Key concept being tested: Percent change applied to multi-dimensional quantities (volume = length × width × height).
Here's the step-by-step solution:
Step 1 — Set up the original volume.
Let the original dimensions be L, W, and H. So original volume V = L × W × H.
Step 2 — Calculate the new volume.
The manufacturer reduces two of the three dimensions by 20% each, leaving the third unchanged. So new volume = (0.8L) × (0.8W) × H = 0.64 × L × W × H = 0.64V.
Step 3 — Calculate the new price.
Price increased by 60%, so new price = 1.6P.
Step 4 — Compare price per unit volume.
Original price per unit volume = P/V
New price per unit volume = 1.6P / 0.64V = 2.5 × (P/V)
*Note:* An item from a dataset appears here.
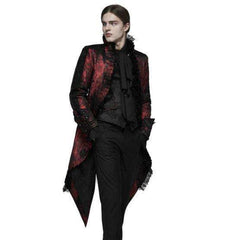 Black and Red Rococo Lace Tuxedo Coat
Step 5 — Calculate the percent increase.
Percent increase = (2.5 − 1) / 1 × 100% = 150%.
Answer: D (150%)
Common trap: Most students pick B (100%) because they see "60% price increase" and a "20% reduction in dimensions" and try to do 60/0.20 = 300... or they forget that TWO dimensions shrink, not one. If only one dimension shrank by 20%, new volume would be 0.8V, and the answer would be 1.6/0.8 = 2.0, i.e., 100% increase. The question says TWO dimensions shrink, making the new volume 0.64V — not 0.8V.
Takeaway: Whenever a "price per unit" problem involves a geometric container, always calculate the new volume first before touching the price ratio.